Directions:
Print exactly the line that contains "A Semi Truck", then every following line through the end of the material; include nothing else and no pictures.
━━━━━ Data
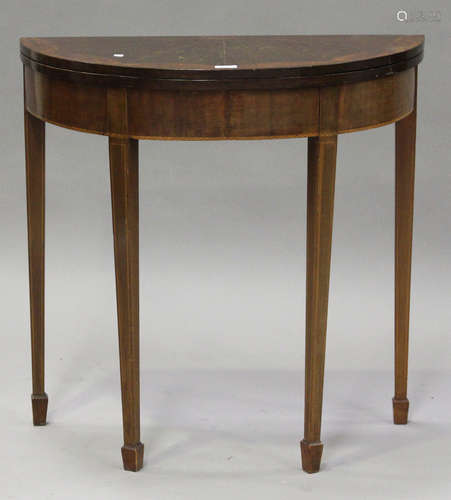 A late 19th century mahogany and amboyna inlaid demi-lune fold-over card table, raised on square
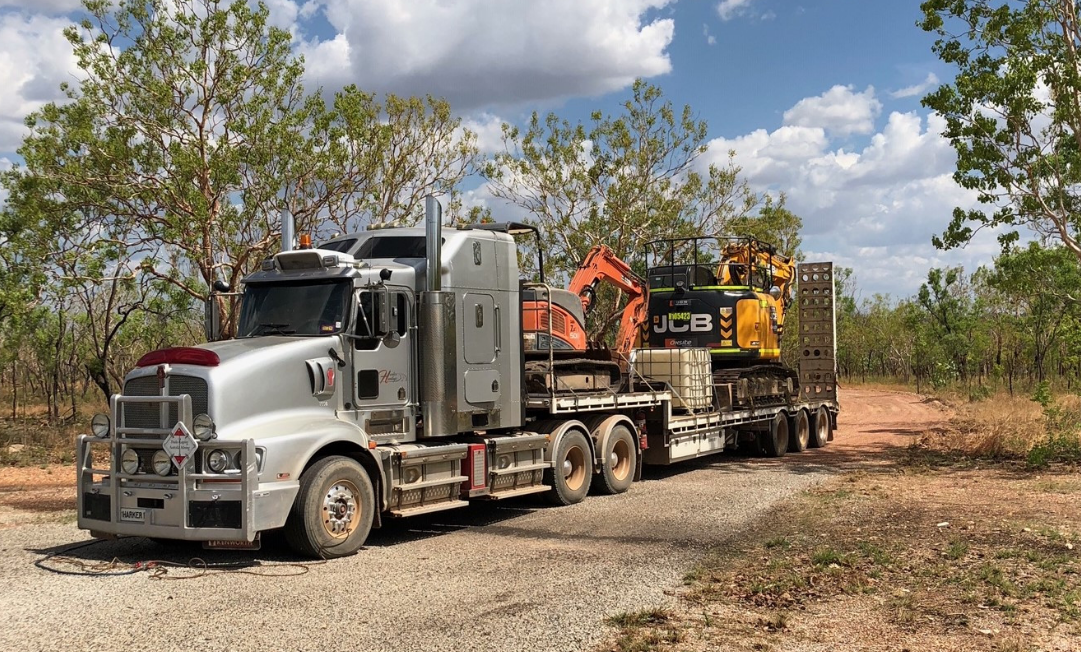 A Semi Truck is Carrying a Bulldozer on a Trailer — Harker Haulage In East Arm, NT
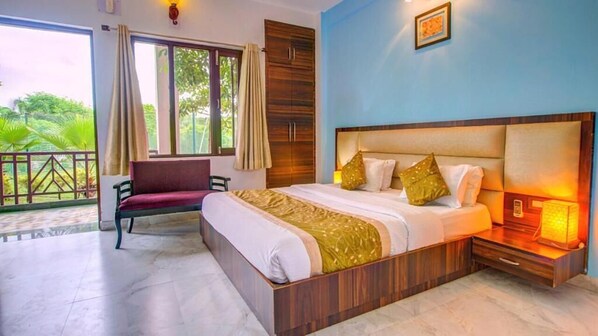 A bedroom with a large bed, a nightstand with a lamp, a window with curtains, and a view of greenery outside. - Pyramid Home Divine (Vikasnagar)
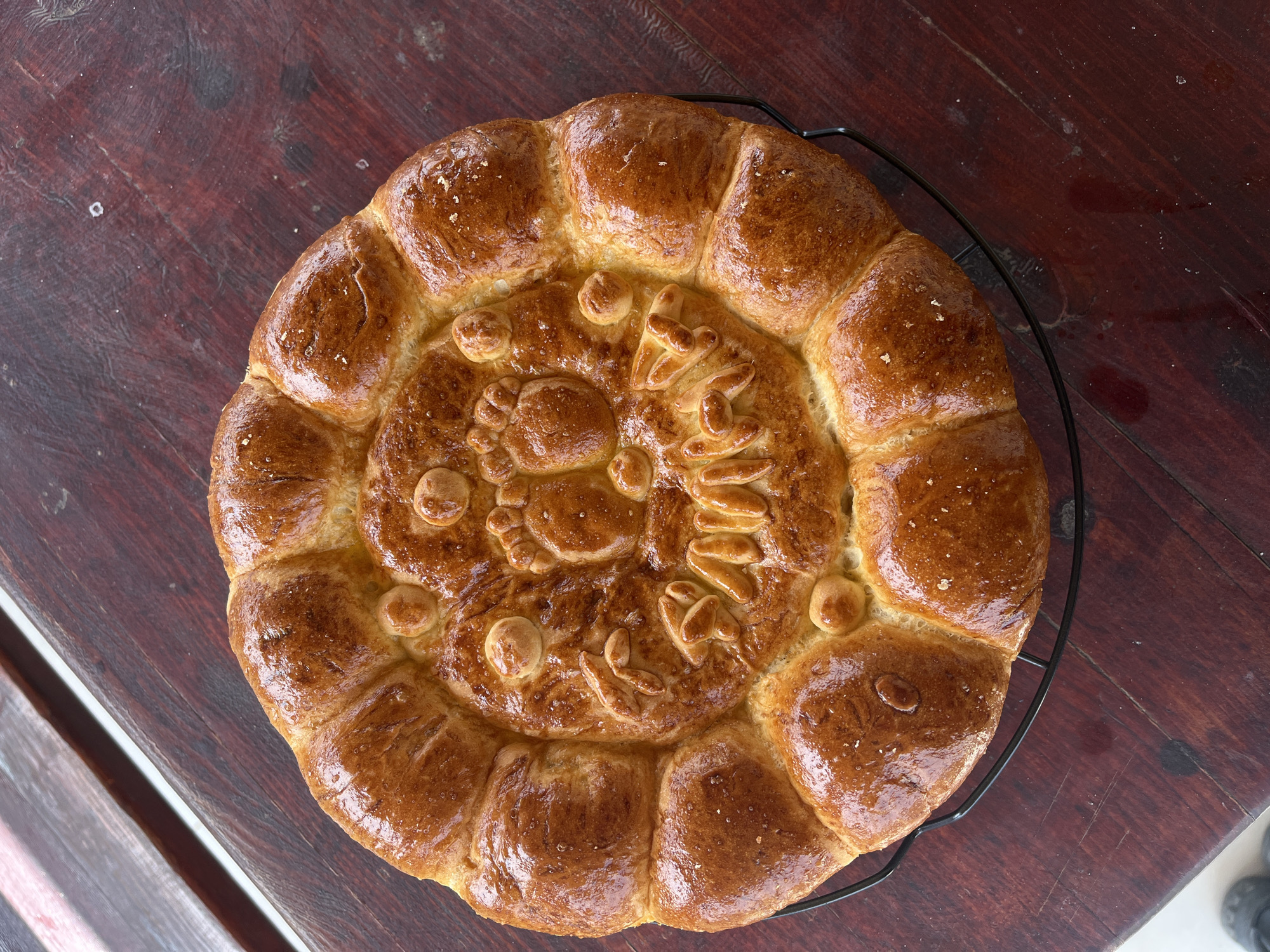 The image shows a loaf of intricately decorated bread on a black wire rack. The bread has a golden-brown, shiny crust. The center is decorated with raised dough, forming shapes reminiscent of animals, leaves, or other symbolic designs. The outer ring is comprised of connected dough balls. The bread sits on a dark-stained wooden surface with visible grain. The picture appears to have been taken indoors in Kostinbrod, Bulgaria, because similar breads are traditional for celebrations in the region.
━━━━━━━━━━
Solution for this exercise:
 A Semi Truck is Carrying a Bulldozer on a Trailer — Harker Haulage In East Arm, NT
 A bedroom with a large bed, a nightstand with a lamp, a window with curtains, and a view of greenery outside. - Pyramid Home Divine (Vikasnagar)
 The image shows a loaf of intricately decorated bread on a black wire rack. The bread has a golden-brown, shiny crust. The center is decorated with raised dough, forming shapes reminiscent of animals, leaves, or other symbolic designs. The outer ring is comprised of connected dough balls. The bread sits on a dark-stained wooden surface with visible grain. The picture appears to have been taken indoors in Kostinbrod, Bulgaria, because similar breads are traditional for celebrations in the region.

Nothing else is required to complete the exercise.